The Runbook Grade: A Self-Assessment for Quality

Score your runbooks on a 1-5 scale across five dimensions. The runbook that scores below 3 is technical debt; the one that scores 5 is rare.

The five dimensions

Five dimensions score every runbook on a 1-5 scale. Together they reveal whether the runbook is a working tool or a comforting fiction.

Specificity. Vague vs concrete. "Restart the service" scores 1; kubectl rollout restart deployment/api -n prod scores 5.
Completeness. Covers symptom, diagnosis, action, verification, rollback; score 1 if any are missing; score 5 if all five are explicit.
Currency. When was it last updated; anything over 6 months is dated; over 12 months is suspect; over 24 months is fiction.
Author confidence plus test runs. Written by someone who has run it; used in the last quarter; honesty in both is the proof.

What scores mean

Each composite score maps to a clear posture. Below 3 is a liability; 3-4 is usable with experience; 5 is rare and earned.

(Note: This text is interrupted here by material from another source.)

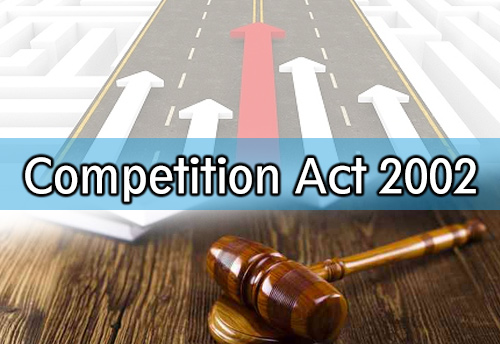 Govt forms Competition Law Review Committee to review Competition Act 2002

5: production-grade. A senior on-call could follow it cold; few runbooks earn this; the gold standard.
3-4: usable. Workable with experience; junior on-call would need to ask questions; the realistic majority.
1-2: dangerous. Following blindly causes more incidents than it resolves; update or retire immediately.
The honesty test. Score must be earned, not claimed; test runs are the most honest measure of working.

What to do with low scores

Low-scoring runbooks need policy, not just patience. Without a removal or refactor path, low scores accumulate; the runbook library becomes the documentation that nobody trusts.

Score below 3. Cannot be referenced from a runbook link in a page; the on-call investigates from scratch instead.
Quarterly refactor list. Lowest 5 scores get a refactor; owners assigned; deadlines tracked.
Earned, not claimed. Score must be defended with evidence; test runs are the most honest measure.
The flywheel. Quarterly review keeps the library honest; engineers learn the standard; new runbooks aim higher.